Overall, the book was a wonderful read. The writing is fairytale-esque and beautiful, the story is appropriately sad, but word to the wise: it’s best to make sure you have a buddy close by after you finish because you will not want to be alone after reading this book.
So why the 3 star rating? While I thoroughly enjoyed reading this, there were a couple hiccups that I don’t want to ignore. The first one is minor. In the prologue, Walton sets up the story of Ava Lavender by declaring that Ava spent a weekend in her local library researching her family tree. I’m assuming she also talked to various family members to piece everything together. She adds in the caveat, “I will be the first to admit that certain facts may have been omitted, long forgotten over time by myself or by other involved parties.” Fair enough. We’re supposed to gather that through this research and through talking to family, she pieces together her family’s history. A history which makes up the book. However, by the time I finished the book, the mention of her doing research at the library really tore me away from the story. I didn’t feel that the idea for the story needed a reason so specific. It robbed the rest of the story from its fairytale feel and I think the story would’ve flowed just fine without it. It’s a nit picky thing, I know, but I can’t stop thinking about it.

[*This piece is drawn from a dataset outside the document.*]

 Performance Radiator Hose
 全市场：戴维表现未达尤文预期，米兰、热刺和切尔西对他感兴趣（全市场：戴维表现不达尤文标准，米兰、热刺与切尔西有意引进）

My only other issue, and some might call this a big one, is Walton’s use of first person POV. The story is told by Ava, but towards the end of the book, she somehow knows what other characters are doing when she’s not around. She knows their thoughts and intentions and feelings. Maybe she got the information later, which could be the case. But for a certain character, who I won’t say because that would spoil some things, that’s just not possible. Luckily, the story kept me going so it didn’t bother me too much, and maybe someone can shed light on why she did that, but I could see reader’s getting turned off by it.
That said, The Strange and Beautiful Sorrows of Ava Lavender is definitely worth your time. There’s enough distance between the world Walton has created and the one we live in to feel a growing sense of magic, but it’s also grounded in the everyday so that we don’t feel too far removed from our surroundings.